Hastings decided not to take his friend’s advice and went ahead with his plan. The result was the infamous Qwikster debacle that resulted in Netflix losing more than 800,000 subscribers and half its stock value. Just three months after the initial announcement, Netflix rolled back its two-service plan, and Hastings learned a valuable lesson about listening to others, especially his customers.
Since then, the company has become a global entertainment giant thanks to a hugely successful move into content creation. Now, Hastings is happy to listen to his experienced team and loyal consumers. In fact, he only spent 30 minutes on the decision to approve Netflix’s first major foray into production, House of Cards.
The company has also become more cautious about pricing. Increases are usually small and aligned with demonstrations of the service’s continued value for money. The last price jump for U.S. users coincided with new seasons of two of Netflix’s biggest hits, The Crown and Stranger Things. This time, subscriber numbers actually increased.
What I didn’t know: Supermarkets sell real estate
Every business makes mistakes, and as a leader, you’ll be responsible or at least accountable for most of them, but the best leaders don’t let their bad decisions define them. A simple way you can accomplish this is by not reacting right away to every mistake, but reacting in the right way, whether that means rectifying the issue immediately or learning a valuable lesson and moving forward.
When I started my company, I was entirely new to the beverage industry. In many ways, my lack of knowledge was advantageous to me, as I wasn’t held back or discouraged by preconceptions.
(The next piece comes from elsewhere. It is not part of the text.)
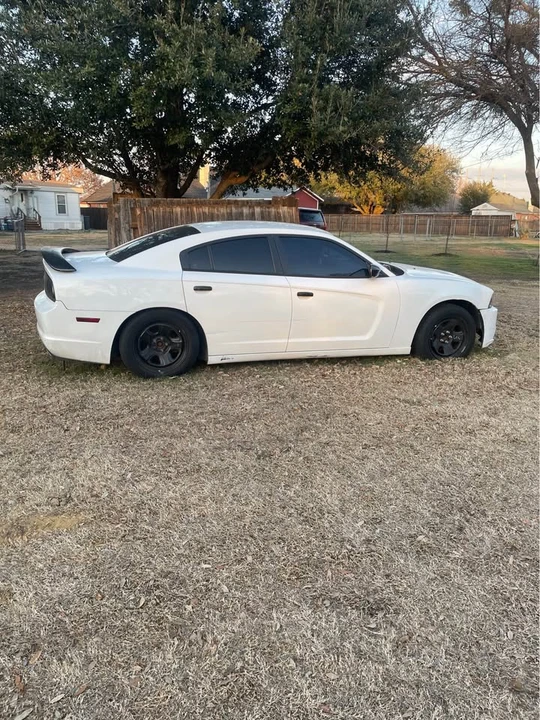 2014 Dodge Charger 7th Gen - Image 2 of 7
But at other times, my naivety meant I wasted a lot of time chasing opportunities that just weren’t available to me.
Having successfully acquired shelf space at a local San Francisco Whole Foods, I made the mistake of thinking that other supermarkets would follow suit. But when I spoke with buyers at the bigger stores, they told me that hint didn’t fit into their existing beverage categories, which were plain water, vitamin water, and sodas. I responded by trying to persuade them to create a new category, but that was also unsuccessful.
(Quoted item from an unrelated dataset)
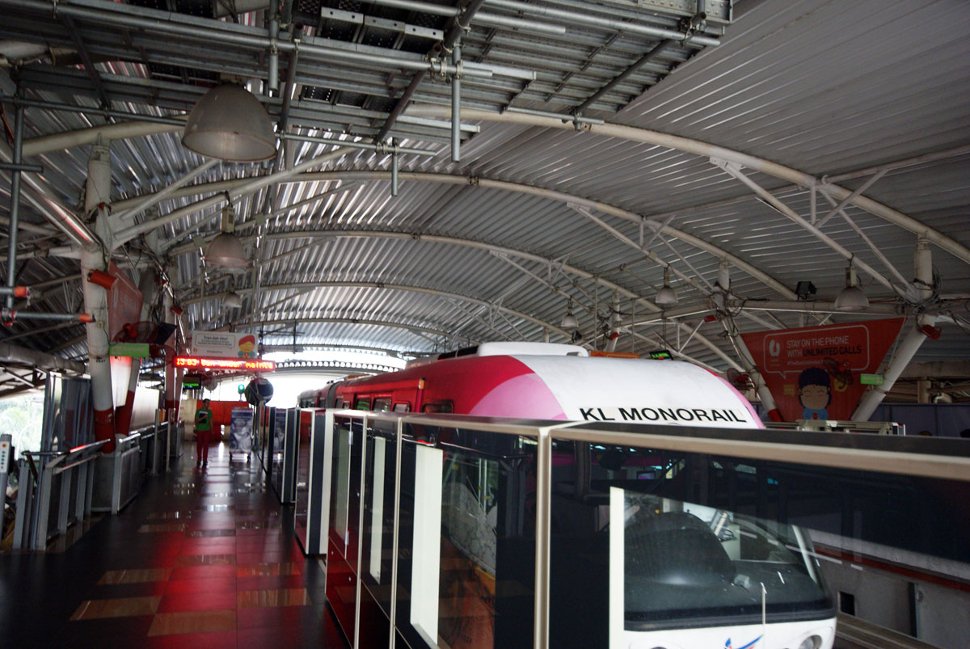 Boarding platform at Imbi Monorail station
One day, at one of my kid’s softball games, I got talking to one of the other moms there. She happened to work for a major beverage company and opened my eyes to how the industry worked. Supermarkets are essentially selling real estate, and the big brands pay big bucks for prime shelf space.
My mistake was to assume that what was on the shelves in big stores was simply what sold well and that meant a pathway for my product. But, boy, was I wrong!
Finding customers elsewhere
When I dreamed about my product being successful, I imagined it on the shelves of major supermarkets. That vision not coming true immediately was disheartening. I had wasted a lot of time and energy trying to make it happen, but once I realized that this was something that was beyond my control, I tried to react positively.
We couldn’t get into the major supermarkets yet, but we could still get to their customers. It was just a matter of finding them in other places. We soon began selling directly to cafes and canteens on college campuses and at tech firms where I knew we’d have an audience. Later on, we even launched our own online shop and direct-to-consumer subscription service.
Having grown our customer base and built the brand in other ways, the big supermarkets eventually came to us. I had made the initial mistake of assuming that having a good product was enough to get on the shelves, but by reacting to a roadblock in the right way, I eventually got what I wanted.
How fast do you get up?
Mistakes are opportunities to learn, especially for startups entering a new market. When you come up with an innovative product or service, it’s often hard to understand why nobody else has solved the problem already. You start to think that the existing players in your market must be complacent and your success is inevitable.
After the infamous failure of Virgin Cola, Richard Branson said that he would “never again make the mistake of thinking all large, dominant companies are sleepy.” The established players in any market are successful for a reason, and you’ll make plenty of mistakes as you take them on, but how quickly and effectively you react and learn from them will ensure your business survives and thrives.